Kemarin juga aku sengaja nanya ke Dimas pendapat dia mengenai film ini. Karena baru kepikiran mau nulis hehe.

Apa yang diomongin Dimas mostly sama kayak yang aku pikirin. Ada satu yang menarik. Sebagai orang yang suka nonton film aja dan gak terlalu ngerti perfilman aku penasaran banget sama reaksi Dimas. "Hitam putihnya ga bikin ngantuk karena pembawaan cerita yang bagus, sama ga terlalu banyak scene basa-basi jadi ga monoton walaupun hitam putih." Begitu kalimat terakhir waktu Dimas cerita experience nonton film ini.

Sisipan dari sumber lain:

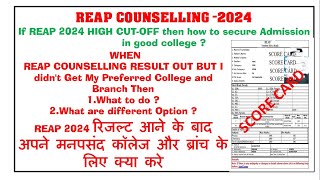 REAP 2024 HIGH CUTOFF HOW to secure Admission in good college  REAP COUNSELLING 2024 [upl. by Tricia]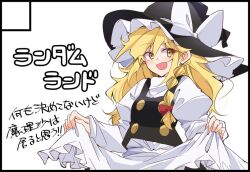 kirisame marisa from touhou by ichimura kanata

Jatuh Cinta Seperti di Film-Film ini, jujur, sejak pertama kali denger judulnya aku udah tertarik buat nonton. Ya simply karena out of the box aja gitu judulnya. Dan ternyata konsep filmnya pun cukup segar. Romance tapi hitam putih. Bayangin ada scene di toko bunga yang harusnya penuh warna-warni tapi ini malah hitam putih. Dan karena storytellingnya bagus banget film ini tetap bisa dinikmati. Mungkin ada yang kurang suka sama hitam putihnya. Tapi menurutku film ini tuh ya emang harus hitam putih. Film ini menghighlight dialog antara Bagus dan Hana sebagai karakter utama. Dari situ aku jadi tau kalo relationship orang dewasa tuh begini ya.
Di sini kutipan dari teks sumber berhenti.